Some post-installation of directories and scripts may have to be performed, but they should only concern ownership or access permission. This depends on whether Textpresso has been installed with root or with local user privileges, and under which account Textpresso is intended to be operated.

SYSTEM DESCRIPTION

Textpresso Perl Modules

The Textpresso Perl Modules contain subroutines and configuration files (in form of global constants) that are important for building the database as well as running the website. The modules in the Textpresso Perl modules directory are the master modules; many modules in subdirectories of this directory (such as dataprocessing/ and displaying/) can have symbolic links to these master modules, if no changes are required. These subdirectories, dataprocessing/ and displaying/, bundle master modules that are necessary for dataprocessing and displaying, respectively. If more than one literature is to be hosted, they would contain more directories in parallel to the one already existing.

The master subroutines are roughly grouped together according to their common functionality, as indicated by the first part of their names:

TextpressoSystemTasks.pm
TextpressoSystemGlobals.pm

These routines provide functions and settings to build the database of the system. They mostly act on files in the database directory.

TextpressoDataBaseAttributes.pm TextpressoDataBaseCategories.pm TextpressoDataBaseGlobals.pm TextpressoDataBaseQuery.pm TextpressoDataBaseSearch.pm

Elements in these modules define data objects and categories of the ontology, and perform and configure searches. Among them, TextpressoDatabaseQuery.pm defines the data model for querying the database and TextpressoDatabaseSearch.pm contains subroutines performing database searches.

TextpressoDisplayTasks.pm TextpressoDisplayGlobals.pm

Functions and constants needed to run and configure the actual website are bundled here.

TextpressoGeneralTasks.pm TextpressoGeneralGlobals.pm

These routines and constants are used throughout the whole system and therefore combined in this module.

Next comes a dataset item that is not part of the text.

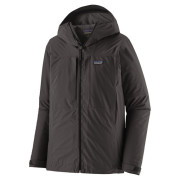 Geacă bărbați Patagonia M's Insulated Boulder Fork Rain Jkt negru Black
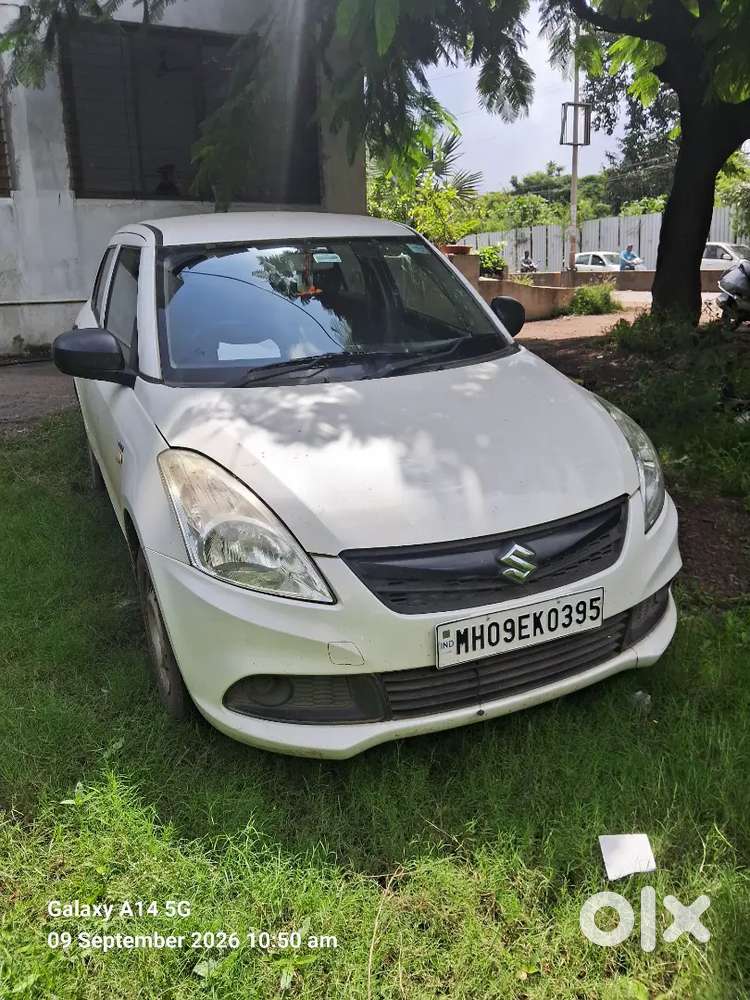 Maruti Suzuki Dzire 2017 Manual Petrol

Generally, the modules containing the name 'Tasks' do not need any change, but it is likely that global constants need adjustments. They can be found in the modules that contain the name 'Globals' in them. A short description of the most important constants are:

TextpressoSystemGlobals.pm
SY_ROOT specifies the root of the database directory.
SY_SUBROOTS a hash that lists all the first level subdirectories of the database. It is in a hash form so one can conveniently change the name of the physical directory without changing all scripts.
SY_ANNOTATION_FIELDS hash contains the fields that are flagged for mark up and specifies the affected directories.
SY_ANNOTATION_TYPE specifies the type of annotation. The most common annotation types are grammatical or semantic. The grammatical annotation is not implemented, but kept here for users so they can easily add it on.
SY_PASSTHROUGH_FIELDS This hash lists the (in this case purely bibliographical) fields that are not annotated.
SY_SOURCE_FIELDS contains all fields and their directories that need processing.
SY_INDEX_FIELDS lists all fields that need indexing.
SY_INDEX_TYPE contains the types of indices that are requested.
SY_ONTOLOGY specifies the structure of the ontology directory. The lexica directory contains the lexica of the semantic categories, while the definitions directory could contain explanations about them. The latter is currently not implemented.
SY_SUPPLEMENTALS This constant is currently unused, as we decided to provide links and supplemental materials dynamically instead of statically. It is being kept for future use.
SY_PREPROCESSING_TAGS This list contains the names of XML-like tags that are used in preprocessing tasks. 'Preprocessing includes all processing before Textpresso processing. This is a convenient way of handling special cases, for example, tagging words that are to be left untouched by subsequent mark-up routines. Those routines need to be modified if there are tags added. This can be found in TextpressoSystemTasks.pm.
SY_MARKUP_EXCEPTIONS List specifies the categories that are not to be used in a semantic mark-up despite the fact that there is a corresponding lexicon available. For special occasions only.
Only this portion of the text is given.